Im Icann-Bezirk Europa haben sich inzwischen zahlreiche Kandidaten selbst aufgestellt. Icann wird sie nur akzeptieren, wenn sie mindestens zwei Prozent der Wahlberechtigen als Unterstützer nachweisen können. An der Spitze steht bislang Andy Müller-Maguhn, der Sprecher des Chaos Computer Clubs. Sie selbst stehen auf Platz zwei. Offensichtlich wird die Europawahl in Deutschland entschieden, das auch die Mehrheit der europäischen Icann-Mitglieder stellt. Wird die Wahl damit zu einem nationalen Popularitätstest?

Hierzulande gilt bei vielen als Klassenziel, dass der künftige At-Large-Direktor ein Deutscher sein muss. Medien wie der Spiegel, die alle deutschen Kandidaten auflisten und – man glaubt es kaum – auch noch die Schweizer Kandidaten darunter subsummieren, unterstützen diese Haltung noch. Diese Nationalisierung einer europäischen Wahl ist gleich in zweifacher Hinsicht ein politisches Armutszeugnis. Zum einen verkennt sie den transnationalen Bezugsrahmen basisdemokratischer Willensbildung im Internet, zum anderen verstellt sie den Blick auf die inhaltlichen Fragen, die eigentlich Thema des Wahlkampfes sein sollten.

Wäre es nicht sinnvoller, ein Icann-Parlament einzurichten?

Von einem Parlament würde ich in diesem Zusammenhang nicht sprechen wollen, aber es ist wirklich wichtig, um den künftigen Direktor herum ein verlässliches und sachkundiges Beratungsgremium zu schaffen. Zusätzlich bedarf es eines breiteren Forums, das offen für die Mitwirkung aller interessierten Nutzer in Europa ist. Der Direktor wird nur so stark sein wie die Netzgemeinde, die ihn unterstützt.

Wenn Sie gewählt werden, müssen Sie als Erstes darüber entscheiden, wie viele und welche neue Top-Level-Domains es geben wird. Sind Sie nun für „.firm“ oder „.sucks“?

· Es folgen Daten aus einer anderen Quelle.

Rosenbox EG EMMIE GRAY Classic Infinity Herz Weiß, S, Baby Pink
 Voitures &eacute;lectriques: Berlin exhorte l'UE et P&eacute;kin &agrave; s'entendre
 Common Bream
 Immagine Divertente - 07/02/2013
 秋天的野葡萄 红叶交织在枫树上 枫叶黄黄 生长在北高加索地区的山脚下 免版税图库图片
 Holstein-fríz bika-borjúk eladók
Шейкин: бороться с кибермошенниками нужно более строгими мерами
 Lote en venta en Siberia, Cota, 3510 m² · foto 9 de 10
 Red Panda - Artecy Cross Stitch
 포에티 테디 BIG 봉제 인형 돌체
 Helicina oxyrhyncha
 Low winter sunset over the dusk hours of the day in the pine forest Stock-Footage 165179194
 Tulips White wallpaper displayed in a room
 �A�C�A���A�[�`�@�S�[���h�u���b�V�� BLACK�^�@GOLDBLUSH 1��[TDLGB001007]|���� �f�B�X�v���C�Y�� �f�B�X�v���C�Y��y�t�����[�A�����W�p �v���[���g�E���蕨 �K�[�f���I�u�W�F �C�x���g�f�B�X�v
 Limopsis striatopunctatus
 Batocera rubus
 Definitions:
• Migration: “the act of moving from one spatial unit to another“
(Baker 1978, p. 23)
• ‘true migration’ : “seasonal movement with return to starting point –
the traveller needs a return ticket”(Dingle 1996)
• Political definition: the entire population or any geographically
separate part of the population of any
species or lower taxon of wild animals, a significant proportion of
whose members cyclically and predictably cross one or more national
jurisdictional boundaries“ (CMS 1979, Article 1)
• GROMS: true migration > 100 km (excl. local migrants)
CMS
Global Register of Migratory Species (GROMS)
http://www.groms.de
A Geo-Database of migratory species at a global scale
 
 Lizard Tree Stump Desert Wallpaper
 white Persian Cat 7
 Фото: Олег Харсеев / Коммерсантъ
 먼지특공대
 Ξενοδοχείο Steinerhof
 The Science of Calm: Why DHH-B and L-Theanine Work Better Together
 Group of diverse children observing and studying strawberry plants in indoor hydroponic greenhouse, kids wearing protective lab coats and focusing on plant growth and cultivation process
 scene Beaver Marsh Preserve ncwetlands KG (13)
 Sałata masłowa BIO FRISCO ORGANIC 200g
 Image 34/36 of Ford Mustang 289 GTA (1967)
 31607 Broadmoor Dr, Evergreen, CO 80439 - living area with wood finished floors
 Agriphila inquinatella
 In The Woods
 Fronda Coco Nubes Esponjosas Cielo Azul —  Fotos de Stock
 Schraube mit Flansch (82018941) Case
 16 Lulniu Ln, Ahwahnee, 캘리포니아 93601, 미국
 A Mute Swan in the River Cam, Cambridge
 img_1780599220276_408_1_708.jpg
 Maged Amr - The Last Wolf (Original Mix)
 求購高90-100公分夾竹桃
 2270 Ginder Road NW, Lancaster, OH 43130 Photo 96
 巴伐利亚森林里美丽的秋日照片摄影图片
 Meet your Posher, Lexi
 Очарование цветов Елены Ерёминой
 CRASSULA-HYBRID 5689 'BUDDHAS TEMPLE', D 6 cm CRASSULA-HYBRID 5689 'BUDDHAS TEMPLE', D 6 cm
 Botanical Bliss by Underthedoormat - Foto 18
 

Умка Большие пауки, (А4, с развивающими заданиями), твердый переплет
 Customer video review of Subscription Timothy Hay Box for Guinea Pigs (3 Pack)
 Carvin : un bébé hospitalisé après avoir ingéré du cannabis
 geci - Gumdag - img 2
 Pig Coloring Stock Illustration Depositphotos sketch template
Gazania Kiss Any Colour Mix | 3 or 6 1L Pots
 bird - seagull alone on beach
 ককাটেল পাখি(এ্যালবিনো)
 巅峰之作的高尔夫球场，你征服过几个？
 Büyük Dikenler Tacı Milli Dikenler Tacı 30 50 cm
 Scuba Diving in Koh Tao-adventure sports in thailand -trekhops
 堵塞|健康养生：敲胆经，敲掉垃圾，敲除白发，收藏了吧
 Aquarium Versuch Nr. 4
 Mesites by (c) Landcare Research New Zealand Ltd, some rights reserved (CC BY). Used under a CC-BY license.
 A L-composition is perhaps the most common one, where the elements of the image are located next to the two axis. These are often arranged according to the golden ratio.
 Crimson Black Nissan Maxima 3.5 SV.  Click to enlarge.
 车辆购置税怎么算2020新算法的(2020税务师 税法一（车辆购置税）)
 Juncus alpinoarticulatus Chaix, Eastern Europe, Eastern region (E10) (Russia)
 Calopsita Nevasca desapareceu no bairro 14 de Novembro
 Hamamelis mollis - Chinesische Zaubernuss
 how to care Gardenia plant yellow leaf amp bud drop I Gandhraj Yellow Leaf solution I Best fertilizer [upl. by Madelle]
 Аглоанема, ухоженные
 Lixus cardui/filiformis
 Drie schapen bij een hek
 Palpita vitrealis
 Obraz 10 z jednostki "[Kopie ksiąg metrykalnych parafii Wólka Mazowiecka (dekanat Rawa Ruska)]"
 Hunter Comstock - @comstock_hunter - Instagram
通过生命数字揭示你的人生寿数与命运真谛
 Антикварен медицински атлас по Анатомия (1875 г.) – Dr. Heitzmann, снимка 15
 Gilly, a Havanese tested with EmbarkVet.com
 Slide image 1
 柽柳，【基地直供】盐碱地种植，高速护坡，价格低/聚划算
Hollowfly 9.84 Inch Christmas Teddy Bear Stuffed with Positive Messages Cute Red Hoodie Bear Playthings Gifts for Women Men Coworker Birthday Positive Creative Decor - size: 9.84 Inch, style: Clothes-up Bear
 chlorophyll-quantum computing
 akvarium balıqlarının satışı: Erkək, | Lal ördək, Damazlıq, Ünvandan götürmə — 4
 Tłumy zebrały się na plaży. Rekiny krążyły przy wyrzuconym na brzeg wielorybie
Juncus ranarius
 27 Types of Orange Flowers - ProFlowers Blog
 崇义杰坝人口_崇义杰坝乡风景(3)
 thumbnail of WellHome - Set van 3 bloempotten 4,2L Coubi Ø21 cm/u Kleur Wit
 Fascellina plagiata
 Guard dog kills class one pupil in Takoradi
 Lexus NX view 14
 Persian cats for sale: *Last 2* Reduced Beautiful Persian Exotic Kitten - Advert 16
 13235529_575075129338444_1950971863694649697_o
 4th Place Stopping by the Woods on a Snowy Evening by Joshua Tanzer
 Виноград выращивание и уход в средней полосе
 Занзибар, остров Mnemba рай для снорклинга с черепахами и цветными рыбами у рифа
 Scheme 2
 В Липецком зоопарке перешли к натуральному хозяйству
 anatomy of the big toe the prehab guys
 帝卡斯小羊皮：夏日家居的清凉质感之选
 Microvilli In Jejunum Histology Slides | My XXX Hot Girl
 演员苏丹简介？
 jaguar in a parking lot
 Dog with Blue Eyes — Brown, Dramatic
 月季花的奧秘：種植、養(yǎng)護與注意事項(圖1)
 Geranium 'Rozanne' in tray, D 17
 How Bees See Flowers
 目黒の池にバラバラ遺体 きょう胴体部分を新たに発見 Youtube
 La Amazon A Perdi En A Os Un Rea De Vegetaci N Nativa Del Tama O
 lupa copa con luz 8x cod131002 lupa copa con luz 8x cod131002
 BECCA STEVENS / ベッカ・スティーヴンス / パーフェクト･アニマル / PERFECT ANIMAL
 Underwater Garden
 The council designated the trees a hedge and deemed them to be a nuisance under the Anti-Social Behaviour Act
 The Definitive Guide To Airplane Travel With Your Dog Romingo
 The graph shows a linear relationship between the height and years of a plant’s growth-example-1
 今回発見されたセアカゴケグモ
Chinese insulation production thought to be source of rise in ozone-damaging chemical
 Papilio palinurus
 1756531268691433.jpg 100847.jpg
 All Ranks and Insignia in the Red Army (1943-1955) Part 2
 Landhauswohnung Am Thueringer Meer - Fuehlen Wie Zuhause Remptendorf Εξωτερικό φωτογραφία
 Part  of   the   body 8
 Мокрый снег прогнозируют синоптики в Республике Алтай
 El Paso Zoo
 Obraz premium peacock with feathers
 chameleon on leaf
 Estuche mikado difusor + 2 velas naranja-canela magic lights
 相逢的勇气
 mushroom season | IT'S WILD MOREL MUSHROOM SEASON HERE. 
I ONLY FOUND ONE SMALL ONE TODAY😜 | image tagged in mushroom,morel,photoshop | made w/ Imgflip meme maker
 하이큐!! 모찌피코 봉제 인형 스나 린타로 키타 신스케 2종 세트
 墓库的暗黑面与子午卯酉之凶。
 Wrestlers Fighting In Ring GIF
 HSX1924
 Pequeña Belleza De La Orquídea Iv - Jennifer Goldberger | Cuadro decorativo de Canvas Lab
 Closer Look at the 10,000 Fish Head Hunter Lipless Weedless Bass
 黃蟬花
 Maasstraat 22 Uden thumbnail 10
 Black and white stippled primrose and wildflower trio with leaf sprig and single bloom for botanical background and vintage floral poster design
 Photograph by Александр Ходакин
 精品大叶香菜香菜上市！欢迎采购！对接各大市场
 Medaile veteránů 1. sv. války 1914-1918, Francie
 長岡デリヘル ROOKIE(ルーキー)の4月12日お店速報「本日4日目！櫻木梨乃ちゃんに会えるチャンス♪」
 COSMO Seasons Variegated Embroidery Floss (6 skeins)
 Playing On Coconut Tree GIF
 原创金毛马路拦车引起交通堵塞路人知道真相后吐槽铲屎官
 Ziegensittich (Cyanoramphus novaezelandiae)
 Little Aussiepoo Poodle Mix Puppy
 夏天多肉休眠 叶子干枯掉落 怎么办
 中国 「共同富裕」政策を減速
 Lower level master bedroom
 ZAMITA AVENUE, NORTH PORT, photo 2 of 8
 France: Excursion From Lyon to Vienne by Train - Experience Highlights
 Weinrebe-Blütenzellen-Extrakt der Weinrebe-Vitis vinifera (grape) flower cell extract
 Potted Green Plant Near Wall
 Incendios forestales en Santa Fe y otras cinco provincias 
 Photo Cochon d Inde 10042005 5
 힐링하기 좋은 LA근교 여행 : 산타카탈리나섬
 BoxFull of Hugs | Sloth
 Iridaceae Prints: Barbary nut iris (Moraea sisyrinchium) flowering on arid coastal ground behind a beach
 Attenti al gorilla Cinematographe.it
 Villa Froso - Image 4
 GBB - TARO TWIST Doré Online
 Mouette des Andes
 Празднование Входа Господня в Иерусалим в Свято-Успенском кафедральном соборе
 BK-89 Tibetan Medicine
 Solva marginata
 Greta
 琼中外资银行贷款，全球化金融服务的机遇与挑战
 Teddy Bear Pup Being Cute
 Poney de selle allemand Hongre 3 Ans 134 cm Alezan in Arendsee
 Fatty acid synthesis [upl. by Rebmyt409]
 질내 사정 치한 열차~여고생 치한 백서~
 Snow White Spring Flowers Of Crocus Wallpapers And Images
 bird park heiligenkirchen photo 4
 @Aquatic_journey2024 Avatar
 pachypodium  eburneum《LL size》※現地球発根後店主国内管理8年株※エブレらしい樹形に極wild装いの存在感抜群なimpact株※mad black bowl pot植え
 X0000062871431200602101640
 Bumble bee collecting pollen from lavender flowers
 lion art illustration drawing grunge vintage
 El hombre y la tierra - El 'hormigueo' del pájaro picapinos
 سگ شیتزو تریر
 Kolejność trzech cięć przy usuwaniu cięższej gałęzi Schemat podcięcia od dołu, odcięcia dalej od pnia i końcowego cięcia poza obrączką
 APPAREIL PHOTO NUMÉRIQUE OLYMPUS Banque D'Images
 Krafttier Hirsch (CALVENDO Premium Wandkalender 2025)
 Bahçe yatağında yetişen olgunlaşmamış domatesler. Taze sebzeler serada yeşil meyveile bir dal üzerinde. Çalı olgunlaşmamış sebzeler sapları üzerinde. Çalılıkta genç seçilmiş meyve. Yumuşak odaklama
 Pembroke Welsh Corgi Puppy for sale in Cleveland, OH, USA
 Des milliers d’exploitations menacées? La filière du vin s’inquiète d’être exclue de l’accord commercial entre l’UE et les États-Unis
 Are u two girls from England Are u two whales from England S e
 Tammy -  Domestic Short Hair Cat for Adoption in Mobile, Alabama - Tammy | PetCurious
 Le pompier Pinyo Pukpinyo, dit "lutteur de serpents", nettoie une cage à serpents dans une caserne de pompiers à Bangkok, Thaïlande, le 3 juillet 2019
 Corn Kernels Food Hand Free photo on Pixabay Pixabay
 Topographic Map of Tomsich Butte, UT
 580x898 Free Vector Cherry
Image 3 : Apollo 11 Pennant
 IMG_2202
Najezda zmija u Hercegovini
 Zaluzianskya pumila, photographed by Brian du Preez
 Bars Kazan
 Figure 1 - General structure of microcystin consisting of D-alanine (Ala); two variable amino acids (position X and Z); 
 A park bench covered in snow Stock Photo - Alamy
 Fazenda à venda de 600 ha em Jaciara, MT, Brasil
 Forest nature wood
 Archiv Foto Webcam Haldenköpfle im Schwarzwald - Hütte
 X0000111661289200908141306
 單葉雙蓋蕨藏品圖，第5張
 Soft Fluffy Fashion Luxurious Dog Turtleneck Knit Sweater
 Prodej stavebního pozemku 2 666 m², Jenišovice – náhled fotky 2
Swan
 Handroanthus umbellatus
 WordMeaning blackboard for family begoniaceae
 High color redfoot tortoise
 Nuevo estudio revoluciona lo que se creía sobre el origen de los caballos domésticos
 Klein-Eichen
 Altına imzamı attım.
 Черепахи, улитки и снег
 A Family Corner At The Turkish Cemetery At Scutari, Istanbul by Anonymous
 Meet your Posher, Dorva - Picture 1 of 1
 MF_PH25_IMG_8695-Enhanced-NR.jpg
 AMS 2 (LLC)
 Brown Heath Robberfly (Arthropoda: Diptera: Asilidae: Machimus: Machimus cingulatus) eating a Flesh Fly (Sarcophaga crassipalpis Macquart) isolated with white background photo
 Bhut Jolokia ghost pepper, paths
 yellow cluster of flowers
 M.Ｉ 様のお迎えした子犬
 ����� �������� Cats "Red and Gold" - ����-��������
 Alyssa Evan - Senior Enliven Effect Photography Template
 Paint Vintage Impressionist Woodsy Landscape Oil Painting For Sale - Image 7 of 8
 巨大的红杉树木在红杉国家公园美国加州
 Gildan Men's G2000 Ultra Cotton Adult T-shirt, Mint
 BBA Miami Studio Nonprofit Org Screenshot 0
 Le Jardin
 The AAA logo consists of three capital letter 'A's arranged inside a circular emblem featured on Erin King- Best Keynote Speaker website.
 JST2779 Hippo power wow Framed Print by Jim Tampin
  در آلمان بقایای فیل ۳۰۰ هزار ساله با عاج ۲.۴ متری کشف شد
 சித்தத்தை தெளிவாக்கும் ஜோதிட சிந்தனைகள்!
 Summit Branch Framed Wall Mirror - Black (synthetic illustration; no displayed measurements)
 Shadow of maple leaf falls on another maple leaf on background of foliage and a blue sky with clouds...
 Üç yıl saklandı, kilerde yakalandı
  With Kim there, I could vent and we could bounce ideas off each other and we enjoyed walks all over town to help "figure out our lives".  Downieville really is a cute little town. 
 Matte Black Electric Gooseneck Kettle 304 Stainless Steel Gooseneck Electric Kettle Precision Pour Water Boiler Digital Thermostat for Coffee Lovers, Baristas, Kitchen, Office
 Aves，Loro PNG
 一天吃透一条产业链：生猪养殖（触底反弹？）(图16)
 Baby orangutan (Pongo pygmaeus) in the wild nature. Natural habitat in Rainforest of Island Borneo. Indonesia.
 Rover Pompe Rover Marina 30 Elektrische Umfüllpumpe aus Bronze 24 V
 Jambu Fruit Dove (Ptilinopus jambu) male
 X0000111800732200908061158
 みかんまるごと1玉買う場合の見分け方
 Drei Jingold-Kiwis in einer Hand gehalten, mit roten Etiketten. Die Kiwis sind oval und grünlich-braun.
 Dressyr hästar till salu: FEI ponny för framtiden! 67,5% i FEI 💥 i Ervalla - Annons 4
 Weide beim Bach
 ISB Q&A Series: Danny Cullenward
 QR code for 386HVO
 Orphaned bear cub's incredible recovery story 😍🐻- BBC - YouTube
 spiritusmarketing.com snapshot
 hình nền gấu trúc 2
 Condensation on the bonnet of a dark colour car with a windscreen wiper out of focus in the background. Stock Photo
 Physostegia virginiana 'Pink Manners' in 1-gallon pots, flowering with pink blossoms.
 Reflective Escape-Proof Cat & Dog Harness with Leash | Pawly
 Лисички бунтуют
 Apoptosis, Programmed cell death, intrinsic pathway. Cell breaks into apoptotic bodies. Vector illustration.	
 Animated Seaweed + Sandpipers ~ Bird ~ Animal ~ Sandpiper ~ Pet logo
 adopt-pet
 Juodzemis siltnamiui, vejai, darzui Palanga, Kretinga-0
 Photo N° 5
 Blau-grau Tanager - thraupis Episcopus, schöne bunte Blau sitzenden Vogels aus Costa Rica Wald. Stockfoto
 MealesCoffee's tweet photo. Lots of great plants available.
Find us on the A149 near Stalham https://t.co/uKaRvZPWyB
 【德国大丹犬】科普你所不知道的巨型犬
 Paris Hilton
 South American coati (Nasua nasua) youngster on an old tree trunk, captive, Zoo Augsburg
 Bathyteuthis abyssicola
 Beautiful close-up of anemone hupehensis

Das Paradiesische am Internet ist ja der Überfluss. Entweder-oder-Fragen wie diese stellen sich aus technischer Sicht gar nicht, weil der Namensraum beliebig erweiterbar ist. Eigentlich geht es darum, ein neues System für die Registrierung von Namen und geschützten Warenzeichen einzuführen, das uns von den vielfach so unglaublich kleinlichen Auseinandersetzungen um einzelne Domainnamen endlich erlöst. Da die Wirtschaft Domainnamen jedoch als Besitzstände betrachtet und die nationale Rechtsprechung diese Auffassung unterstützt, wird der Wandel von einer Reformblockade ausgebremst. Wenn man das Domainnamensystem die große Bürde, reale Personen-, Produkt- und Markennamen abzubilden, endlich losgeworden ist, können beliebig viele Top-Level-Domains geschaffen werden. Wenn es nach mir ginge, sollte es also weder nur „.firm“ oder nur „.sucks“ geben. Es geht vielmehr darum, die kulturelle Vielfalt im Netz zu erhalten – und dafür werde ich mich einsetzen.